Romanian Hearth Union
- Formation: February 1990
- Type: NGO
- Region served: Romania

= Romanian Hearth Union =

Romanian civic organization

The Romanian Hearth Union or Romanian Hearth Federation (Uniunea Vatra Românească) is a far-right nationalist movement and civic organization, founded in Târgu Mureș in 1990.

One of the founding members of the Hearth Union was Ion Iliescu. The main purpose of the organization is to save Romanians "hunted down in their own country" from the Hungarians viewed as "hordes plaguing humanity". The emergence of the "Romanian Hearth" was helped by ex-Securitate officers. The organization has been described by various sources as quasi-fascist, radical nationalist, xenophobic ultra-nationalist, anti-Hungarian and antisemitic. It was associated with the former political party of Romanian National Unity Party (PUNR), but also had ties to the Social Democracy Party of Romania (PDSR), Greater Romania Party (PRM) and the Democratic Agrarian Party of Romania (PDAR).

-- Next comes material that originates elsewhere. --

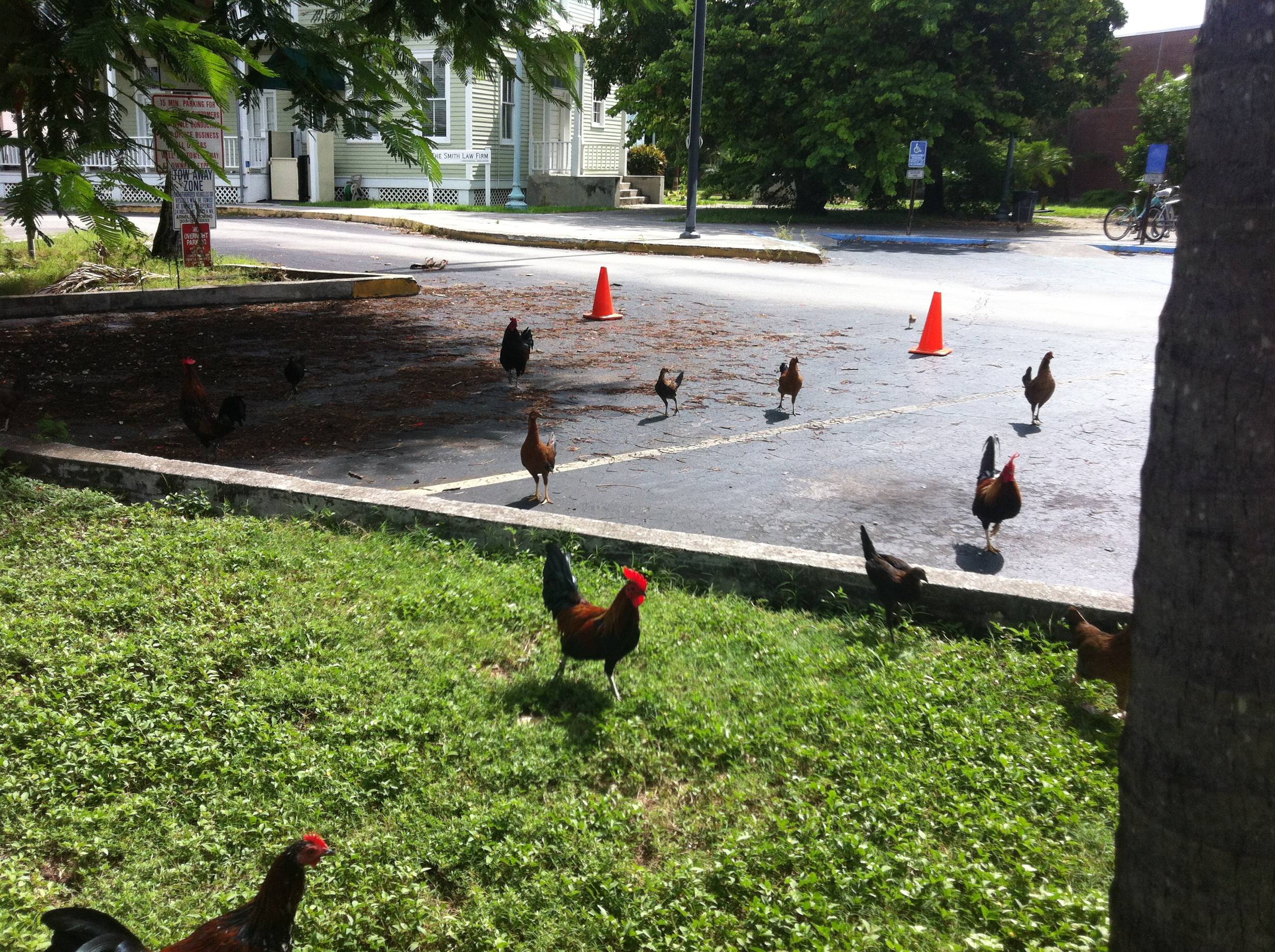 stray roosters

The Union received support from the then-ruling National Salvation Front and President Iliescu, hoping to increase the popularity of the front in the area of Transylvania. In 1992, the Union had around 4 million supporters, and the PUNR formed electoral coalitions with Iliescu's Democratic National Salvation Front in several Transylvanian counties for the 1992 election. PUNR was part of the political coalition that governed Romania between 1992 and 1996.